Marie-Claire Blais a fait paraître en mars 2005 Augustino et le chœur de la destruction, troisième volet d’une trilogie inaugurée avec Soifs (1995), Prix du Gouverneur général, suivi de Dans la foudre et la lumière (2001). Une œuvre magistrale que Marie-Claire Blais, rencontrée au seuil du printemps, a commentée pour Nuit blanche.
Avant le flux, Les vagues. En préface de Soifs, le premier tome de sa trilogie, Marie-Claire Blais citait Virginia Woolf. Rien de surprenant à cela puisque le plus stylisé des romans de Virginia Woolf dont Marguerite Yourcenar avait percé « la lucidité jusque dans la grâce » a sans nul doute à voir avec l’œuvre de Marie-Claire Blais.
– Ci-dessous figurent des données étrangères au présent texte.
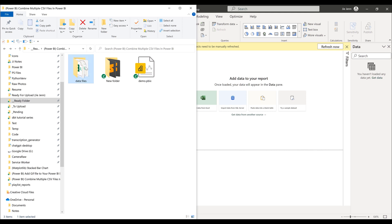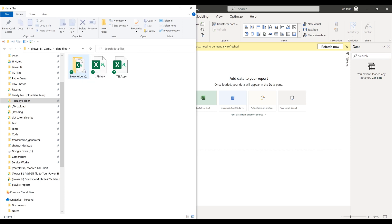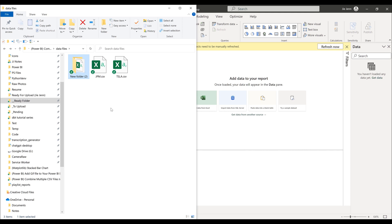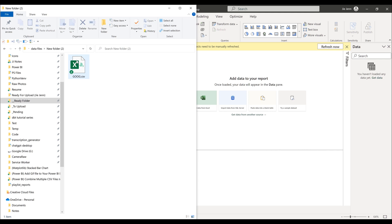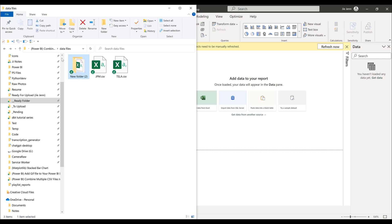Now the folder name is going to represent the table name when you import the CSV files. Now inside the folder, I have three CSV files. Two of them are located right underneath the data files directory, and the other file is located in a separate folder underneath the data files folder.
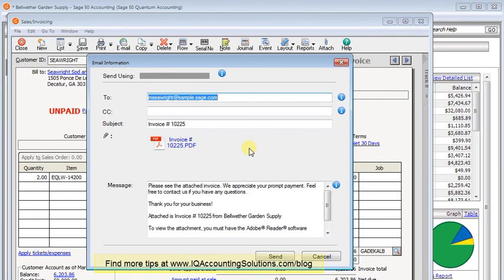So that's all there is to it. Just go to the maintain menu, choose email setup, and you can configure your webmail service to work with Sage 50.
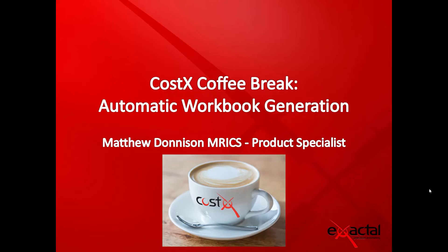Hello and welcome to the next edition of the Costex Coffee Break Classroom Series. Today I'm going to be taking you through the automatic workbook generation process. My name is Matt Donison, I'm one of the product specialists at Exactall.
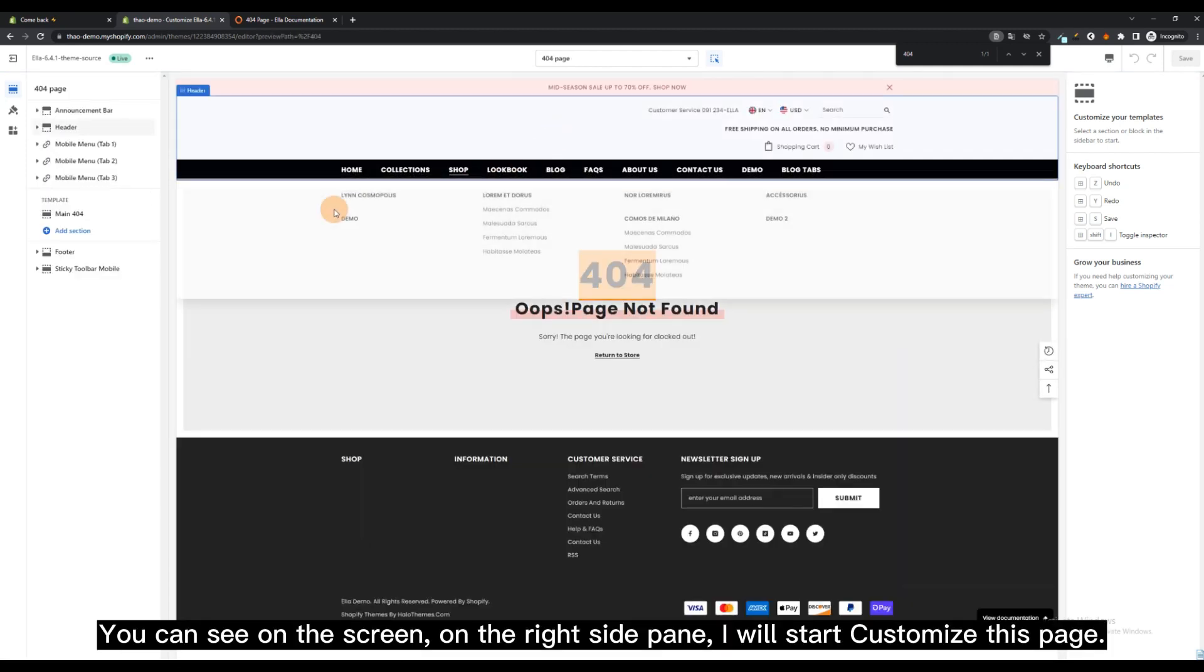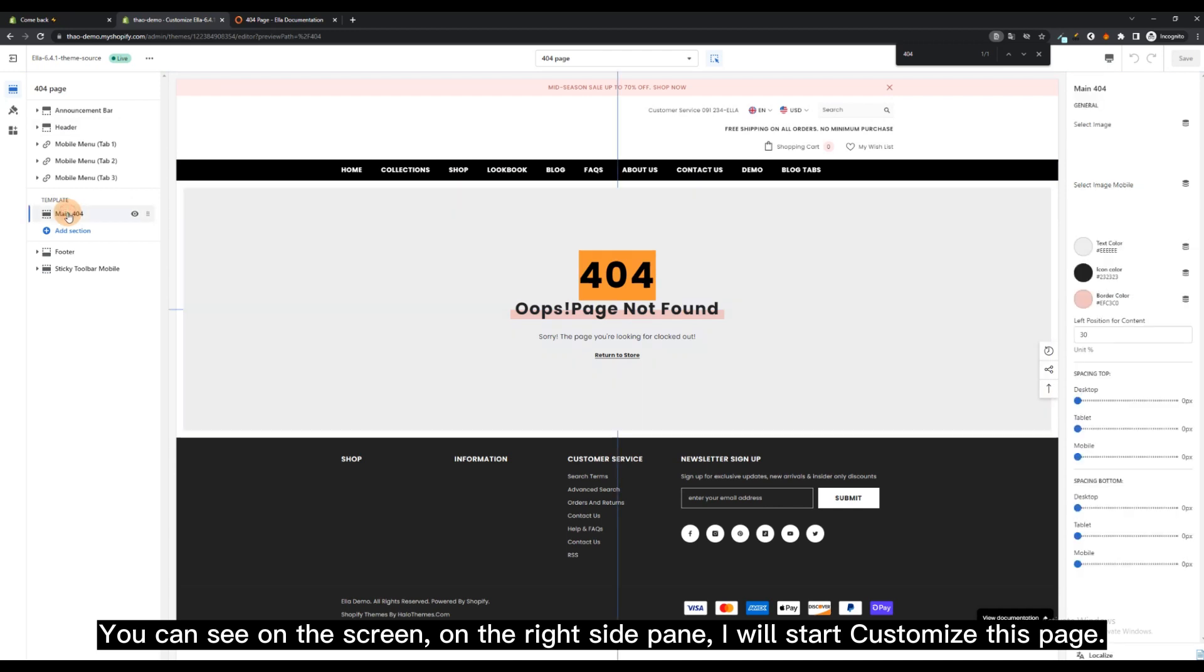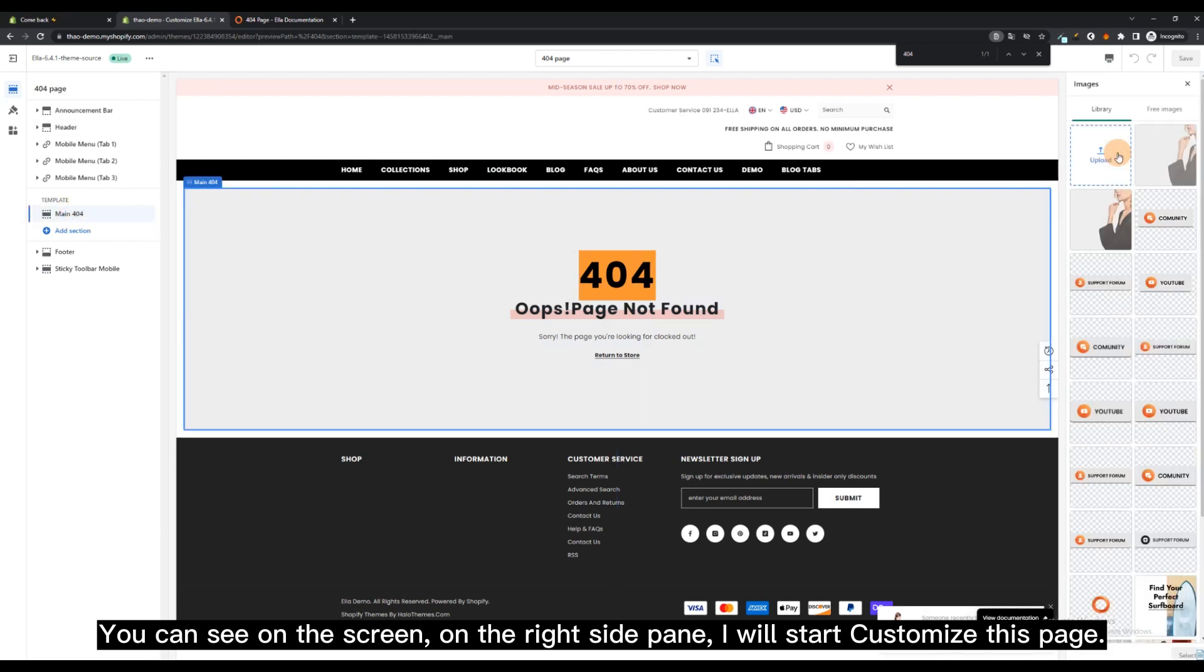You can see on the screen, on the right side pane, I will start to customize this page.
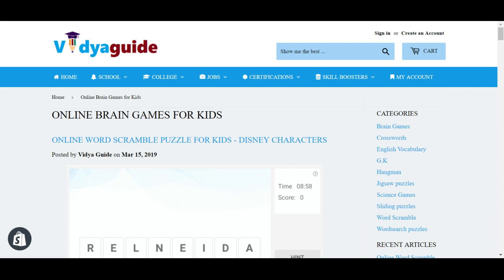All the best to your child. If you have any doubt or clarification, do join our Facebook group or send a mail to us at support@vidyaguide.com and we will get back to you as early as possible.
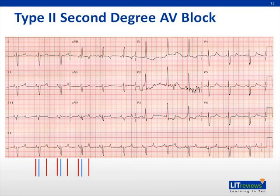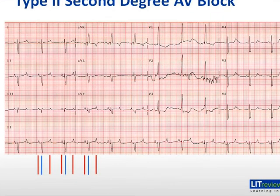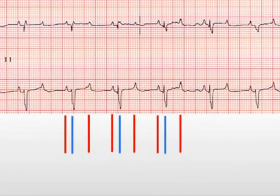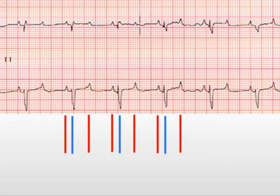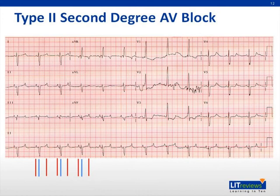This is a 12-lead ECG of a patient with type 2 second-degree atrioventricular block. Looking at lead V1, there are two P waves for every QRS complex. The second P wave is accompanied by a QRS complex indicating appropriate AV conduction, but the next P wave is not associated with a QRS. Red vertical lines represent P waves and blue vertical lines represent QRS complexes — there are twice as many red lines as blue. The distance from red to blue lines stays constant, representing a constant PR interval, and the distance between blue lines is also constant. This patient is diagnosed with type 2 second-degree AV block with 2-to-1 conduction.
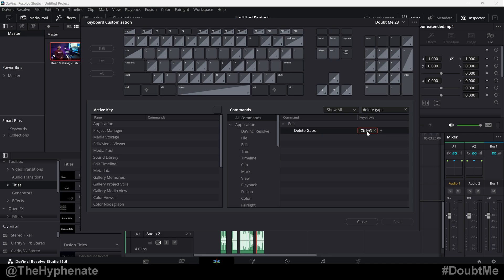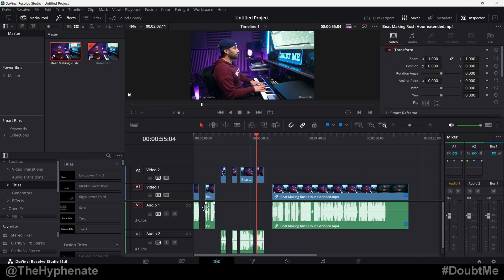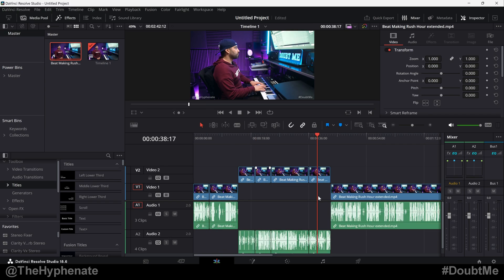Now as you can see, I already assigned my own keystroke — for me it's Ctrl+G — but you can pretty much assign any key that's not being used, or replace a used keystroke. And once you have that, whenever you see any gaps and you want to get rid of all of them, there it is. So there you have it, that's how simple it is to delete all gaps in DaVinci Resolve.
Comme sa célèbre devancière anglaise, Marie-Claire Blais a « cette érudition aisée, aussi aérée que possible » qui donne l’air de se promener à l’intérieur de l’âme humaine et surtout cette révolte qui, en marge de tout courant littéraire, est « bien davantage qu’une simple rénovation technique […], l’affirmation d’un point de vue sur la vie ». Cette trilogie aujourd’hui complétée ne consiste pas en un sujet mais, comme en musique – la comparaison n’est pas fortuite – en plusieurs thèmes entremêlés. On retient la ténuité de la trame. On contemple le juste choix des vocables et leur qualité poétique, cette manière d’impressionnisme de l’observation, aussi, qui élabore un art de la suggestion conciliant pragmatisme et raffinement. On discerne enfin une eurythmie entre une écriture discursive, comme argumentée par des faits historiques, et un sens inné de la musicalité.
Certains ont dit de Marie-Claire Blais qu’elle absorbait la souffrance des autres. L’écriture lui sert-elle à exorciser ce trop-plein d’empathie, si trop-plein il peut y avoir ? « Le monde est ainsi fait. Il y a ceux qui n’ont aucune empathie et ceux qui ressentent pour d’autres. Il y a toutes ces grandes injustices et toutes ces petites lâchetés, qui font parfois plus mal encore. L’écriture est une délivrance », dit-elle. Marquée au sceau de la sensitivité, l’œuvre est empreinte d’un lyrisme dont on respire à fleur de style l’intensité mystique. La réceptivité de Marie-Claire Blais et sa manière d’humilité, sui generis, servent de bon droit la singulière herméneutique humaniste d’une œuvre aussi volumineuse que dense. Face à la trajectoire chaotique du monde, sa nature stochastique que nombre d’intellectuels tentent aujourd’hui d’interpréter, elle oppose quelque chose qui se situe bien au delà du lyrisme : un chant. Son plain-chant.
On a souvent qualifié l’écriture de Marie-Claire Blais de polyphonique et nombreux sont ceux qui ont vu dans cette trilogie blaisienne une parfaite illustration de sa rhétorique contrapuntique : il semble plutôt que dans cet ample monologue intérieur s’épanouit une musicalité épurée qui n’est pas sans rappeler l’art de la monodie. L’oralité du style, proche de la mélopée, lui donne la tonalité incantatoire d’un rituel. Certes, de prime abord, l’abondance des personnages peut laisser croire à une multiplicité des voix ; de fait, la seule voix qui se dégage au final est bien celle de leur chantre, enchanteresse qui les enthousiasme au sens premier, leur confère ce divin souffle de vie.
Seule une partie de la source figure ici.